How Important is Culture for FCA Regulated Firms?

In the global financial sector, culture continues to be a fundamental priority for a growing number of firms regulated by the Financial Conduct Authority. It is, however, worth noting that there is no one-size-fits-all approach and that every organisation is responsible for introducing and maintaining cultures in an attempt to reduce risk and minimise harm. If you are interested in finding out how important culture is for FCA regulated firms, continue reading.


A fresh approach to culture

In the past, the FCA has largely focused on the prevention of regulatory breaches, such as fraud and money laundering, when it comes to their approach to organisational culture. In recent years, however, a noticeable shift has taken place that has seen the country’s conduct regulator address a number of national and global issues in relation to the preservation of culture. It has therefore, in response to this shift, introduced a fresh approach to culture and redefined culture as a set of behaviours and mindsets that characterise the overall feeling of an organisation within the financial sector. It has led to a growing number of businesses re-shifting their attention to focus on purpose, leadership, governance, and an enhanced approach to rewarding and managing employees.
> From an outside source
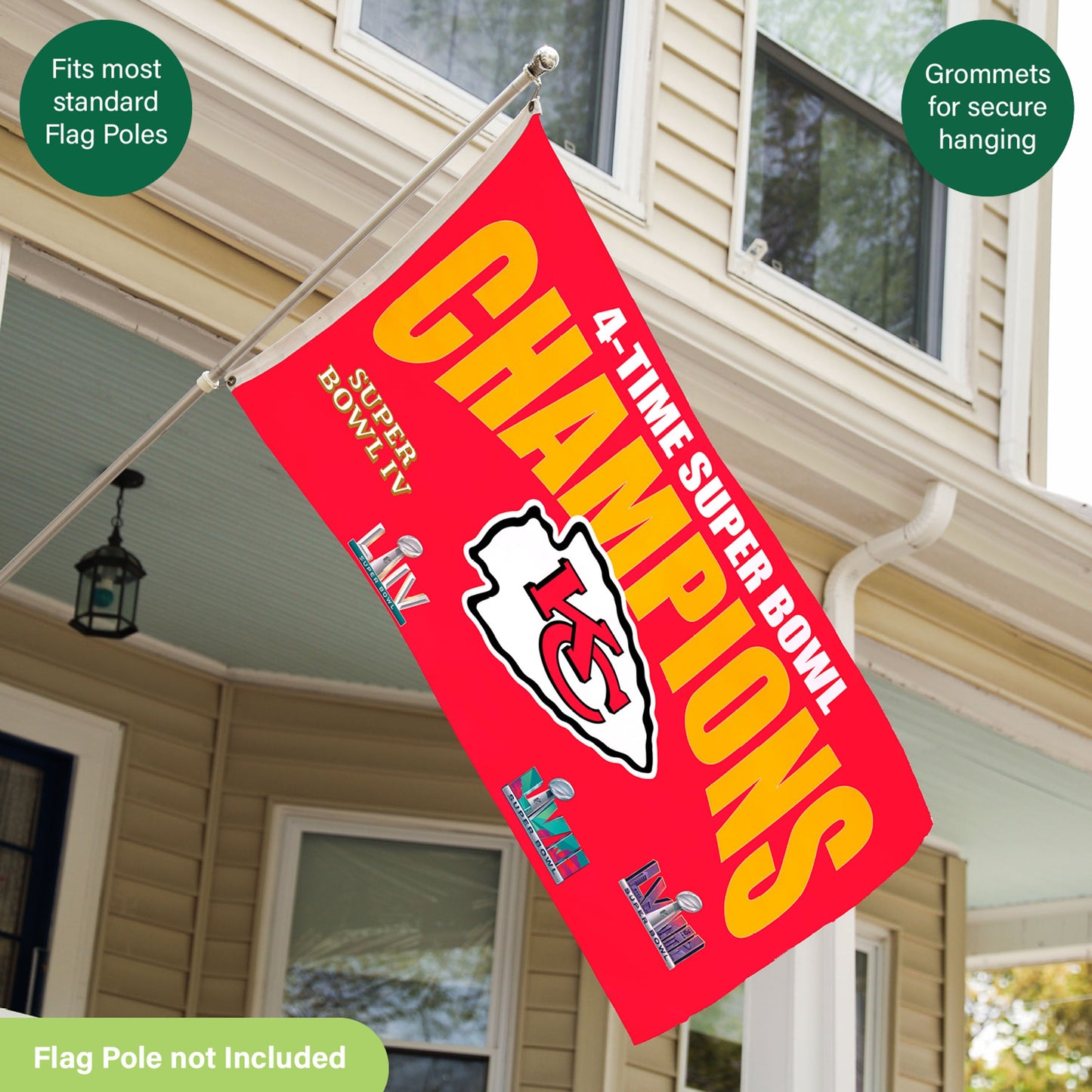 Kansas City Chiefs Multi-Win Superbowl Champions Football 3x5 Flag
In addition, it is clear that FCA regulated firms are committed to meeting both short-term and long-term cultural goals and transforming the way in which they respond to a number of widespread cultural issues in the process.


A work in progress

It may have emerged as a relatively recent phenomenon, but it is part of a larger work in progress for FCA regulated firms that have been striving to improve their approach to culture for almost a decade. It has been heralded as a main priority for FCA regulated firms since 2015 but it may take a number of years to come to fruition as both minor and major changes are implemented by organisations across the sector on a wider scale. In doing so, the FCA hopes to prevent the risk of retail misconduct by encouraging compliance consulting and improve its trust in a wide range of financial services. It has also recently reminded firms of an expectation to demonstrate an awareness of their underlying expectations on culture, echo these beliefs in their daily practices, and adjust their strategy as necessary if the FCA identifies any shortcomings.
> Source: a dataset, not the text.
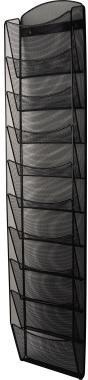 helit Wand-Prospekthalter Mesh H6260195 DIN A4 10Fächer Stahl sw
A changing working environment

In order to prioritise culture, FCA regulated firms must adapt to a changing working environment. This is largely due to a recent industry-wide shift to hybrid working practices and a growing number of financial firms adopting flexible working arrangements on either a part-time or full-time basis and the changes that must take place in regard to culture as a result. In response, the FCA will assess and deliver feedback when it comes to how successfully, or unsuccessfully, firms are taking steps to shape their culture on an ongoing basis as it continues to become a key consideration for financial firms up and down the country.

In recent years, FCA regulated firms have adopted a brand-new mindset and re-shifted their focus when it comes to the ways in which they view culture. In response, this has led to a fresh approach to culture by responding to cultural issues on a national and global scale and has emerged as a work in progress with both minor and major changes taking place on an ongoing basis. in addition, it has also led to a changing work environment as hybrid working practices become commonplace and force financial firms to make changes when it comes to the ways they shape their culture.